The new effort offers fresh insight into Obama’s political agenda for 2018: The Organizing for Action campaign emerged in part from a February meeting between the former president and strategists including Katie Hogan, the group’s executive director. In the meeting, Obama conveyed in no uncertain terms that recapturing the House and helping Democrats gain more influence in the redistricting process were two of his top goals, people familiar with the conversation said.
Jesse Lehrich, a spokesman for Organizing for Action, said in a statement that the group intended to display its grass-roots muscle in the midterm campaign.
“This is an all-hands-on-deck moment for the progressive movement,” he said. “We’re fired up that OFA can play its part by doing what we do best — community organizing.”
The focus is to be wholly on the general election, Lehrich said: Organizing for Action will not meddle in Democratic primaries.
Obama does not have a formal role with Organizing for Action, but the group is directed in large part by his former advisers and is seen by Democrats as reflecting his political priorities. The former president returned briefly to the campaign trail last year, boosting Democratic candidates for governor in Virginia and New Jersey, and he is expected to appear at fundraisers for the Democratic National Committee and the Democratic Congressional Campaign Committee this month.

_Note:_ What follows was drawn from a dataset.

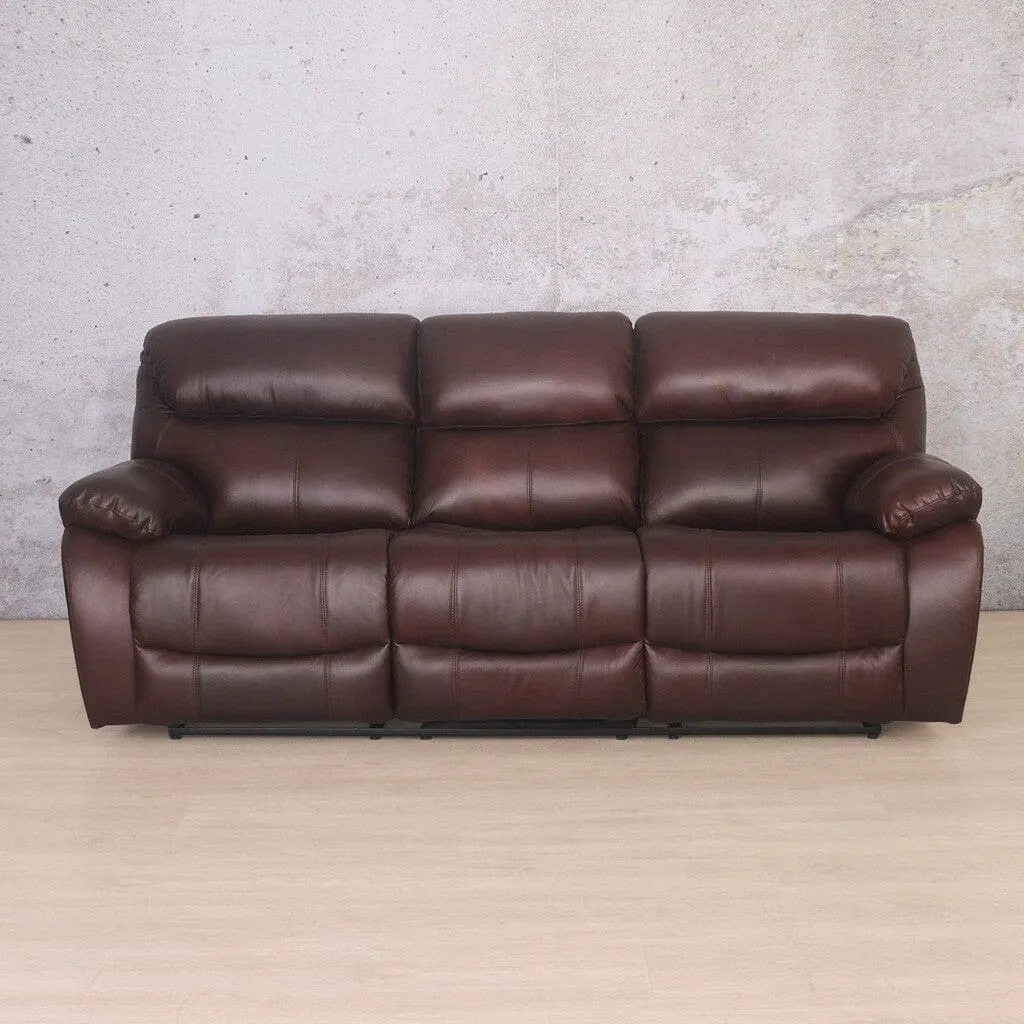 Kuta  3 Seater Leather Recliner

While Organizing for Action may play a role in bolstering Democratic turnout machinery in 2018, the elections are also an important test of the group’s staying power. It frustrated traditional party committees during Obama’s presidency, when some Democratic leaders saw the group as drawing money and attention away from the DNC. That committee fell into disarray when Obama was president, and prominent Democrats, including Hillary Clinton, have criticized the state of the party’s infrastructure in 2016.
Since Obama left office, Organizing for Action has been active mainly in debates over policy, rather than electoral politics. It has weighed in publicly on several issues at the federal level, including gun control and the Trump administration’s drive to unravel Obama’s policies on climate, health care and immigration. The group reported raising about $600,000 in the first three months of the year.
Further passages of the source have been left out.